AIM OF THE EXERCISE:
Range to copy from the entries below: the line containing "ქირავდება Ford Transit (2007) დღიურად" through the line containing "Master Video Pro screenshot 3", inclusive. Retype only those lines, exactly, without any images.

[Short web captions]
□ □ □ □ □
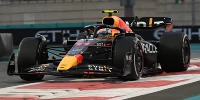 Foto zur News: Abu Dhabi in der Analyse: Kostete Hamilton Perez die Vize-WM?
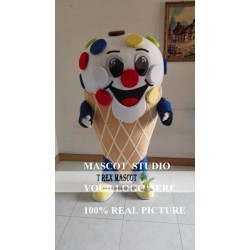 Mascot Ice Cream Mascot Icecream Costume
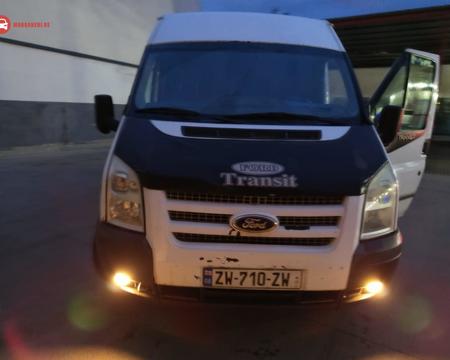ქირავდება Ford Transit (2007) დღიურად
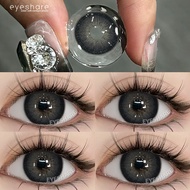 Eyeshare Contact Lens Doll Eye 14.5mm Eye Color Contact Lenses Black Eye Lenses Yearly Eye Contacts 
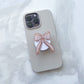 Bouton à téléphone ou liseuse | Boucle beige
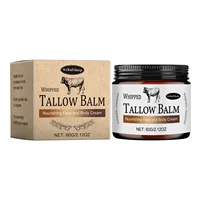 Beef Tallow Moisturizer Cream For Body Mprove Dullness Even Skin Tone Lightening Nourishing Rejuvenating Skin Body Care Product 2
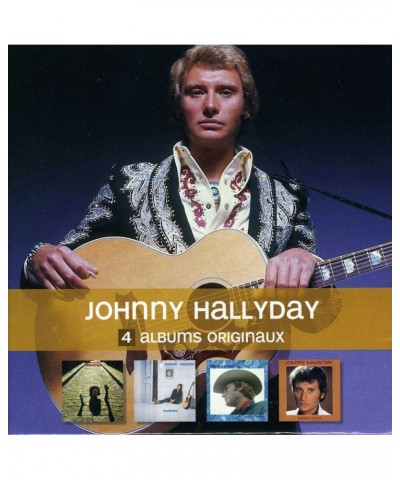 Johnny Hallyday 4 ALBUMS ORIGINAUX CD $9.63 CD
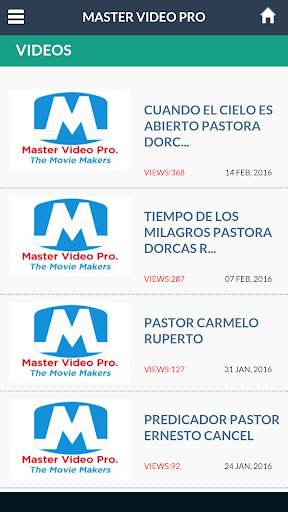 Master Video Pro screenshot 3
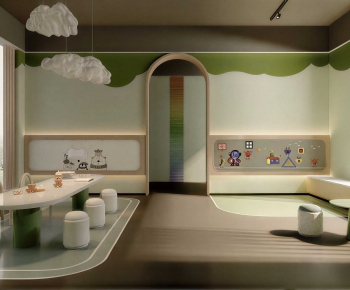 Modern Children's Playroom-ID:867470033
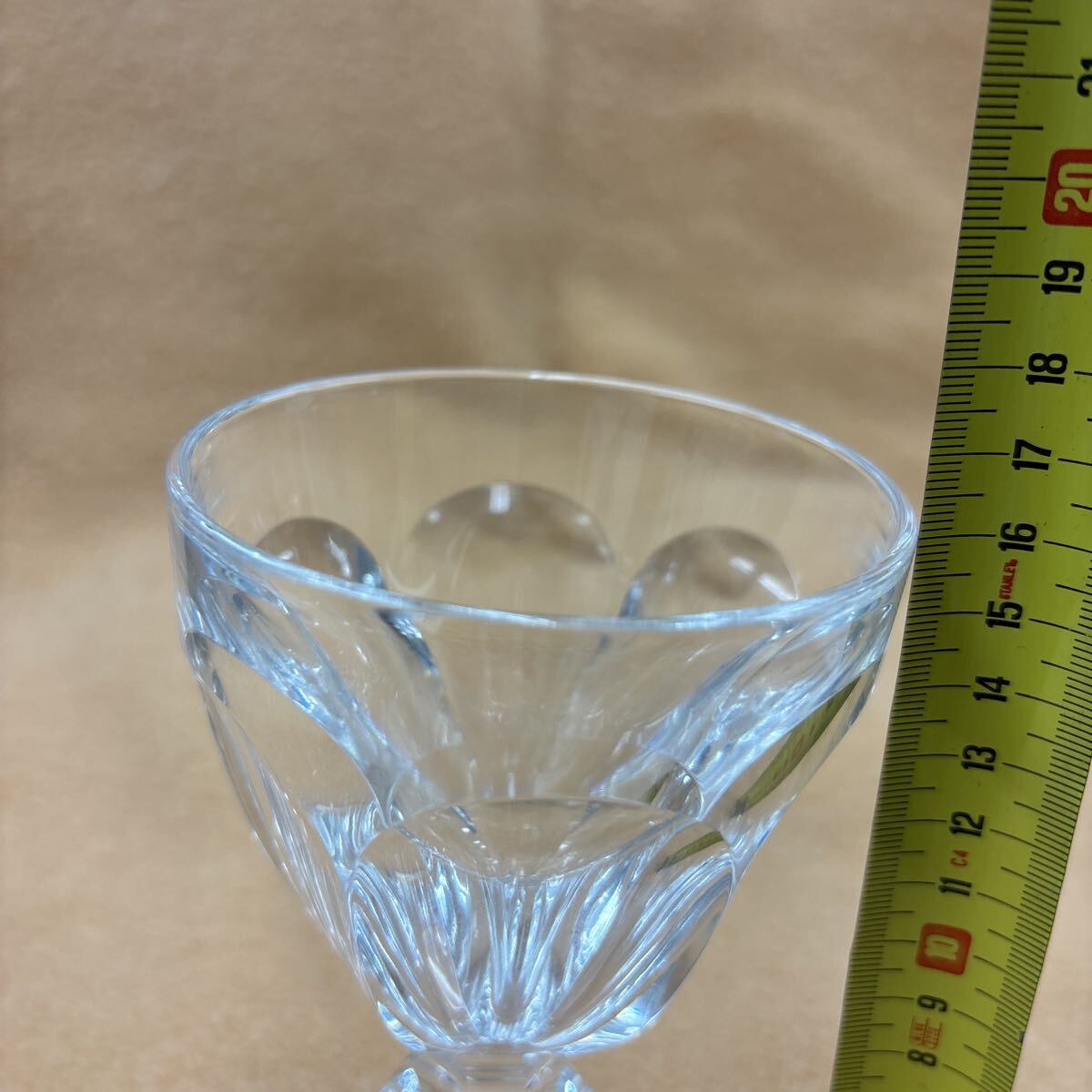 Baccarat バカラ　アルクール　ワイングラス 中古　現状品 食器 クリスタルガラス_画像8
□ □ □ □ □
RESPONSE BELOW:
ქირავდება Ford Transit (2007) დღიურად
 Eyeshare Contact Lens Doll Eye 14.5mm Eye Color Contact Lenses Black Eye Lenses Yearly Eye Contacts 
 Bouton à téléphone ou liseuse | Boucle beige
 Beef Tallow Moisturizer Cream For Body Mprove Dullness Even Skin Tone Lightening Nourishing Rejuvenating Skin Body Care Product 2
 Johnny Hallyday 4 ALBUMS ORIGINAUX CD $9.63 CD
 Master Video Pro screenshot 3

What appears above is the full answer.